Last night my vehicle was the victom of a hit-and-run, while parked in the Safeway parking lot downtown. which means i'm out at least a $500 deductable. I'm still layed-off, so that's going to be a fun $500 to try and find. I'm getting tired of my shitty luck. I'm really hoping that all this crap that i've had thrown at me in the last little while is being stockpiled somewhere and when the cosmic balancing faerie comes by and breaks the levy, i'll finally get my good luck all at once.
A lot of people I know and love have had some pretty bad strokes of luck lately, so it makes it hard for me to pity myself. From an objective standpoint, all I can really say is, "yeah, that figures..." But I'm sure that everyone feels a sence of entitlement when it comes to their lives, we all know how hard we work to make our lives the best we can, it would just be nice to see it pay off now and then.
I'm a good person, damn it! I put out a lot of effort, and i'm always trying to make a positive influence on the world around me and the people in my life. Is it OK that I feel just a little bit indignant that all this effort, proactive living, and possitive thinking, is being answered by more shitty luck every couple weeks?
It's gone way beyond self-pity now.
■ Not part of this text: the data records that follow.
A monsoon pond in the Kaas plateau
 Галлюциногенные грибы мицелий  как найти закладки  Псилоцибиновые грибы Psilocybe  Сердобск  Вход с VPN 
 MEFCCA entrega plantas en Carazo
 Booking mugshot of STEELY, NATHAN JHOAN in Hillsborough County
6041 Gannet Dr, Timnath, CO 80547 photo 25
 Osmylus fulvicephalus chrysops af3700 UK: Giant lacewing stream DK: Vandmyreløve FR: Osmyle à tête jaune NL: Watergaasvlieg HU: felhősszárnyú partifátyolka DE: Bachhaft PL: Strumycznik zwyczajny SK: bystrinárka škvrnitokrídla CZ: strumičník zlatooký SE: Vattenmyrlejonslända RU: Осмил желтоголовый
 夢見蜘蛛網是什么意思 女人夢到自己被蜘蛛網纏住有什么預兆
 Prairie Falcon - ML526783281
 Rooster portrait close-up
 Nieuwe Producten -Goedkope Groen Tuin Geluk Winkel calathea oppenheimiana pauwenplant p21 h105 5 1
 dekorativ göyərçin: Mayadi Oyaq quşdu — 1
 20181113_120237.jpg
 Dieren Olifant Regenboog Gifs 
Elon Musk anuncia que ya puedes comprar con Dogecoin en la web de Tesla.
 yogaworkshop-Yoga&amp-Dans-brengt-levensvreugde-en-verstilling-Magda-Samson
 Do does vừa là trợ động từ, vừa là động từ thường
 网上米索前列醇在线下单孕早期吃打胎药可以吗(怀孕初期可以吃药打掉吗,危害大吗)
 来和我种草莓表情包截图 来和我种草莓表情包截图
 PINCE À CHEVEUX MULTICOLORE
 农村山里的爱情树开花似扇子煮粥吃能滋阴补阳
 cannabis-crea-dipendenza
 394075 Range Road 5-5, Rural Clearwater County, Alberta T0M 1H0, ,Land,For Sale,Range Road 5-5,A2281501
I genuinely feel pissed off that I can't seem to catch a break. I feel like shaking my fist at the sky and screaming, "REALLY?!" Do I need to proove that I'm really at rock bottom? Do I need to proove that I can't handle anymore of this shit? I'm here busting my ass everyday to make the best of my bad situation. I'm here doing what I can to find the silver lining. I'm standing here taking one slap in the face after another, and shrugging them off with smiles and tenacity. Do I need to collapse in a heap of broken, whimpering flesh on the ground, before life relents and helps me back to my feet?
I don't want sympathies. I don't need people to give me their energy. The people I love have their own battles, and I'm not going to ask for their hands. I can do this myself. I can spit out the blood and take another. I'm just saying... I wish I didn't have too. I'm just venting this out into the universe as a big "fuck you."